A CIDADE E A CANALHA ANÓNIMA
A cidade do Porto parece um organismo semimorto que recusa a ideia de que agoniza.
Quando o automóvel estaca no centro da larga avenida, rumo ao Marquês,
pode ver-se bem à esquerda e bem à direita a face da devastação:
passam-se estabelecimentos às dezenas,
vendem-se apartamentos e casas às centenas e, à porta dos mini-mercados,
homens na casa dos quarenta, mendigam por moedas, com o seu olhar baixo,
o jeito e o trejeito da humilhação habituada, rendida, acanhada,
com a sua roupa feia, coçada, vulgar, amarelenta, com a sua barba crescida
e o seu cabelo desalinhado. Fazem o seu número e o aplauso ou a indiferença
serpenteiam-lhes os corpos, cada qual olha pela sua vida.
lkj
Recebem normalmente da enfadada e ensacada dona de casa
um esgar de assentimento ao pedido: ela abre o carro,
senta-se, enquanto pousa as sacas no banco de trás, pousa a bolsa,
abre a bolsa, escolhe uns trocos, levanta-se, soergue-se, estica o braço
e deixa-os cair tilintantes na palma da mão do adulto pedinte,
já de olho na próxima possibilidade. De repente, o pobre homem olha para mim
e, fitando-me agudamente numa pose de estátua, percebe que tive os olhos postos nele
prolongadamente a fim de captar toda a cena como num diálogo.
lkj
Regresso à condução. O semáforo abriu. Meu coração de pai lateja
refrescadamente pelo abençoado rebento, fragilidade da minha fragilidade.

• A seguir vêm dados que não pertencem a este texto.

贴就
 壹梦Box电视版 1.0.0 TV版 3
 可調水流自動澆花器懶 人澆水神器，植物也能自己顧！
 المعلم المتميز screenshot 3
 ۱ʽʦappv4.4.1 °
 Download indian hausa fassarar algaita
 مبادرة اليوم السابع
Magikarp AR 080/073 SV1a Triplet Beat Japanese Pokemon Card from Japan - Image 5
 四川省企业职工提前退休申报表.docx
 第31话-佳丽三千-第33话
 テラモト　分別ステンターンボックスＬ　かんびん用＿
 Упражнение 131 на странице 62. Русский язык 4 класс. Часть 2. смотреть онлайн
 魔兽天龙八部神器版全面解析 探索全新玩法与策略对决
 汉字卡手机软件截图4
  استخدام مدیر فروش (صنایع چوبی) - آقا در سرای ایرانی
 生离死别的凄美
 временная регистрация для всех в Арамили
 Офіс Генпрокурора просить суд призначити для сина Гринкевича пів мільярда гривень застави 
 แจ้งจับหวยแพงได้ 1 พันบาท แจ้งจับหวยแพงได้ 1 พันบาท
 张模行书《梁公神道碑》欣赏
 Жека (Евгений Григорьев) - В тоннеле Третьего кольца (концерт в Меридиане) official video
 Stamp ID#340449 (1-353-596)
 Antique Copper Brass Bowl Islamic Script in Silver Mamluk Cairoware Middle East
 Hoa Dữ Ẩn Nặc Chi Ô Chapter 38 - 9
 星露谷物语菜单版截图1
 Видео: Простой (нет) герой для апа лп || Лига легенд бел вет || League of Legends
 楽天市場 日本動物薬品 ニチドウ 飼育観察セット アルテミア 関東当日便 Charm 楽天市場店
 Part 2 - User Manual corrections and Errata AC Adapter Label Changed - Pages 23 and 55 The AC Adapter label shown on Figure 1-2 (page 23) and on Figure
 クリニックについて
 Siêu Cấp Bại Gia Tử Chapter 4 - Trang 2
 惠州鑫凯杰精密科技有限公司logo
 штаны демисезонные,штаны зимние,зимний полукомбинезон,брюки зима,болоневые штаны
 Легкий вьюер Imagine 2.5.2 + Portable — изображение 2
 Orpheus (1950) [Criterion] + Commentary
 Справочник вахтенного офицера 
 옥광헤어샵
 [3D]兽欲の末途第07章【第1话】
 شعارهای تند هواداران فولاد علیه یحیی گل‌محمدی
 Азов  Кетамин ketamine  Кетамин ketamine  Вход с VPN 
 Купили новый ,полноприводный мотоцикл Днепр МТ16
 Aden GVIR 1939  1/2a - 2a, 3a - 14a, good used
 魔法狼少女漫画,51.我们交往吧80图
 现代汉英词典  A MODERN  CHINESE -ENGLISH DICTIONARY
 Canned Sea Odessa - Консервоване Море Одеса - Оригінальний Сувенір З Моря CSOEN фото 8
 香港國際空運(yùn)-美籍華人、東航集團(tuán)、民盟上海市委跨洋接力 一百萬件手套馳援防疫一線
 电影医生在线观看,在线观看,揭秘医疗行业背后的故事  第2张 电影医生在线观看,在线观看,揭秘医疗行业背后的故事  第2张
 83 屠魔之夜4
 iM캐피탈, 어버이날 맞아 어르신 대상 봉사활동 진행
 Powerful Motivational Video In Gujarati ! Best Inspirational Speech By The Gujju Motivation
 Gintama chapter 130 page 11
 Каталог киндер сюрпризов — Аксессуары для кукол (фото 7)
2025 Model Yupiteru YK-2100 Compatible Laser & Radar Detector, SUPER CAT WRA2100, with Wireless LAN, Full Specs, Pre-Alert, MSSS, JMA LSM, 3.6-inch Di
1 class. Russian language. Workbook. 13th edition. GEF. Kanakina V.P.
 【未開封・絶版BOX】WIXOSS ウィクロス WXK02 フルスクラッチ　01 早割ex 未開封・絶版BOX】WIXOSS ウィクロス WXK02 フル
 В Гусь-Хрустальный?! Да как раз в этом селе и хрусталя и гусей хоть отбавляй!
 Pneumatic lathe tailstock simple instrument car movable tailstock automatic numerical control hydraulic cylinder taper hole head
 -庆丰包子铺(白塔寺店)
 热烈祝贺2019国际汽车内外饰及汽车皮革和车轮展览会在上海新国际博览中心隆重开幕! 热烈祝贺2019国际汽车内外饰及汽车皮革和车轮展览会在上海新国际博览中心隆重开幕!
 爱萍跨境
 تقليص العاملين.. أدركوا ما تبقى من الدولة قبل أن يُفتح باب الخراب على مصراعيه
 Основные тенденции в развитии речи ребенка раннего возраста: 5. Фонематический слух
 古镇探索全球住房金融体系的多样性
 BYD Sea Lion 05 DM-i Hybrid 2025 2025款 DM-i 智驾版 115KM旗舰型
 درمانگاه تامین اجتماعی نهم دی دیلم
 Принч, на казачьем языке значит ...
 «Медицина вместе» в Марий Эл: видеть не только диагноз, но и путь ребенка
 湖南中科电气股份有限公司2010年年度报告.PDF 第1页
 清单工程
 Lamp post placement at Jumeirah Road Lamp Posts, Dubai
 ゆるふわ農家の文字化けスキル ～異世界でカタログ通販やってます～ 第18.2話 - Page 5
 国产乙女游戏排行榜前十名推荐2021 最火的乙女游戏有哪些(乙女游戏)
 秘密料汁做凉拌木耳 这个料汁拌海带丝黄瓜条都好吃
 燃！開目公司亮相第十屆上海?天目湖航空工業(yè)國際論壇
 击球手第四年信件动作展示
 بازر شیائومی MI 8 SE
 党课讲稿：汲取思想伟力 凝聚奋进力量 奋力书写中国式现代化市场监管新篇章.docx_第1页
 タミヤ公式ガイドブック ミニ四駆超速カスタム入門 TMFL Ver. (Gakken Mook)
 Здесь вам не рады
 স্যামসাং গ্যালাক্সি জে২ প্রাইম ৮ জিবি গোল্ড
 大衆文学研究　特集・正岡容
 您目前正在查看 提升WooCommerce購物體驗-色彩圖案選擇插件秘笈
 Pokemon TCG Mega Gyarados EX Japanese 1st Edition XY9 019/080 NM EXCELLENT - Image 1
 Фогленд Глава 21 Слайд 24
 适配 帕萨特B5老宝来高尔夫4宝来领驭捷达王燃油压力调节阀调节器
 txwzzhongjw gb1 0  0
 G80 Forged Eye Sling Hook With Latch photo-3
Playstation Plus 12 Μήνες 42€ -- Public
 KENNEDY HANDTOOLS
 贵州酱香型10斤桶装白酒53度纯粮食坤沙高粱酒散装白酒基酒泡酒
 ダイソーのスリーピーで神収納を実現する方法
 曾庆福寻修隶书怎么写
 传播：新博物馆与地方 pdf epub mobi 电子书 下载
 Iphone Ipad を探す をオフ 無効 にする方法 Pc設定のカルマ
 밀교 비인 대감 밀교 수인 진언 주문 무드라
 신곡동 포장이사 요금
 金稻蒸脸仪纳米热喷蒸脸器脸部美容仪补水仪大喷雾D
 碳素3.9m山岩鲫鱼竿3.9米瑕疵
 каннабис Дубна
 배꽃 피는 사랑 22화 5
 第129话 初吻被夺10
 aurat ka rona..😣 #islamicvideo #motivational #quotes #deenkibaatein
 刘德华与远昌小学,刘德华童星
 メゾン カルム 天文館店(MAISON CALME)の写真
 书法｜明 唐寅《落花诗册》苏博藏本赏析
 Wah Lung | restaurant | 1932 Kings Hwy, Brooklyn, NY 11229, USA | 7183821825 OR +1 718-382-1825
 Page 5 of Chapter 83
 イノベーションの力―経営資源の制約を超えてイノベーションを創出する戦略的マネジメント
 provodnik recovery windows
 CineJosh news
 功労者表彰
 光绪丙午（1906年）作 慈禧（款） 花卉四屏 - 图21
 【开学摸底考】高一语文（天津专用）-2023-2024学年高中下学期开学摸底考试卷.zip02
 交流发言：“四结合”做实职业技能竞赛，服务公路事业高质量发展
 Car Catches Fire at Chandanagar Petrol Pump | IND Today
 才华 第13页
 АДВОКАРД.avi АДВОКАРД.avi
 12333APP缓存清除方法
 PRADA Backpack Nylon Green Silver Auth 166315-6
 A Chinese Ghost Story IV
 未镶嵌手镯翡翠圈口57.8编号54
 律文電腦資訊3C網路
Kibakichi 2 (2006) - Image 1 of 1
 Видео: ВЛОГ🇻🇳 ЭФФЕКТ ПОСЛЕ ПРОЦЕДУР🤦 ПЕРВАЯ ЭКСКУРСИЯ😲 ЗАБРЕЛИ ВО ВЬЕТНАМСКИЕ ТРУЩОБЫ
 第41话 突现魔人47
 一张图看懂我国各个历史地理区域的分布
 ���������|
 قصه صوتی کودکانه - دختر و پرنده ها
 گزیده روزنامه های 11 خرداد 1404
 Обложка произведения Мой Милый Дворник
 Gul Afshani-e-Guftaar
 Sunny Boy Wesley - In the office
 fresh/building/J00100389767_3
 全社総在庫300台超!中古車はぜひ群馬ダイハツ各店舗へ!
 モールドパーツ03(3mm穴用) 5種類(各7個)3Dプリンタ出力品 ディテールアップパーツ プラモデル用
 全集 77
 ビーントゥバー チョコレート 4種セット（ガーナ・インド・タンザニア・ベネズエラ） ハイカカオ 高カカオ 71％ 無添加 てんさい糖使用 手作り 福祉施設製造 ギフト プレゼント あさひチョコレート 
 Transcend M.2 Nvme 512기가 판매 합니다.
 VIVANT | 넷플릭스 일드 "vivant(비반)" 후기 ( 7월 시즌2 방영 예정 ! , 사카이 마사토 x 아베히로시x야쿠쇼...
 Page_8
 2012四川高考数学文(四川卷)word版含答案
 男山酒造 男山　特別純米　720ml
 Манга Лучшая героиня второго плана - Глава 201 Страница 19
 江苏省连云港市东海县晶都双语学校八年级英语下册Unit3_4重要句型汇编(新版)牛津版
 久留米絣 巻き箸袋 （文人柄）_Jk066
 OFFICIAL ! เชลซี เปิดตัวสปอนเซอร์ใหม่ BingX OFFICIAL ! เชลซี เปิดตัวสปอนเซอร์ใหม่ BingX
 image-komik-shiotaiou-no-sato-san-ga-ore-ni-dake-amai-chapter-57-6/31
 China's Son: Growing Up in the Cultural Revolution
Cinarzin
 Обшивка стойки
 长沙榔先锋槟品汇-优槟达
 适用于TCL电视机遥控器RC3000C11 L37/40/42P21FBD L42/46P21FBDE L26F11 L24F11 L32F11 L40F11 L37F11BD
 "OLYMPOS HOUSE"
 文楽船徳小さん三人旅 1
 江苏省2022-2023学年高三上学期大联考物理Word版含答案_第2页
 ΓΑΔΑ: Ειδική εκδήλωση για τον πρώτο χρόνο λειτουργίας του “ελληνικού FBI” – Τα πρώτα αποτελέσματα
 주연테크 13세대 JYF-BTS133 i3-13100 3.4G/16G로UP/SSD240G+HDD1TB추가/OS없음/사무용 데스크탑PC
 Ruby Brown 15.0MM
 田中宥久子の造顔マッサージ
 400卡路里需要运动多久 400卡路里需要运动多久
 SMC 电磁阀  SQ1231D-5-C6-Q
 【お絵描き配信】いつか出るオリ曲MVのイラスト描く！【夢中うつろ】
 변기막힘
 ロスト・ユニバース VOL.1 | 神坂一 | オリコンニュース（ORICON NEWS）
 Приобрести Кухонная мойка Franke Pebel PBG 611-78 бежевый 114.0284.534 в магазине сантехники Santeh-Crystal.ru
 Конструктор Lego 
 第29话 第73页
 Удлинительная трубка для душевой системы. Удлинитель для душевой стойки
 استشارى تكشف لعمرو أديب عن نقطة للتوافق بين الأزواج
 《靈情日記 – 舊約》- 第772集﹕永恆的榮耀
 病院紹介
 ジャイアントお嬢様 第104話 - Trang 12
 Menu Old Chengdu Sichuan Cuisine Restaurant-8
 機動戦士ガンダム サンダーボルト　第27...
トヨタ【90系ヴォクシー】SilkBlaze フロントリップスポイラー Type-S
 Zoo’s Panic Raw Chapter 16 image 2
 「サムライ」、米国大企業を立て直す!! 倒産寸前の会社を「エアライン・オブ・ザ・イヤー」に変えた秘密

Mas penso nas lambadas que desde há três anos a vida portuguesa me dá,
nas portas sucessivas que me fecha, as multas-cretinescas, o Fisco-animal,
azares de todo o teor, desemprego-filho de uma puta concreta e deliberada
e pergunto-me: estarei assim tão longe da capitulação
patente naquele homem implorativo?
lkj
Enquanto isso, sabe-se que o Ministério Público teve conhecimento
das ligações estreitas entre o BPN e o Banco Insular de Cabo Verde
em 2007, quando investigou movimentos de crédito suspeitos entre as duas instituições,
revelou à Lusa fonte do grupo Sociedade Lusa de Negócios (SLN). Continua a suspeição
e continua, ainda mais feliz e saudável, o anonimato-canalha de que tudo isto se reveste.
A Justiça, o Direito e a Diligência processual, como em tantos e tão famigerados
exemplos portugueses, continuam e continuarão cegos, moucos e mudos.
Comments
É o Portugal que temos.. e cada vez mais ter um trabalho é uma benção!
O dinheiro é finito e as prioridades estabelecidas são na defesa do capital, ainda que lhe chamem economia. Nem sei se me revolto mais com a má distribuição da riqueza, ou se pela ineficácia da justiça, mas de qualquer modo, deixei de confiar na classe política que nos dirige - para o abismo.
Boa semana
Abraço do Zé
P.S. - Já escrevi o texto contra o TGV. Um destes dias publico-o.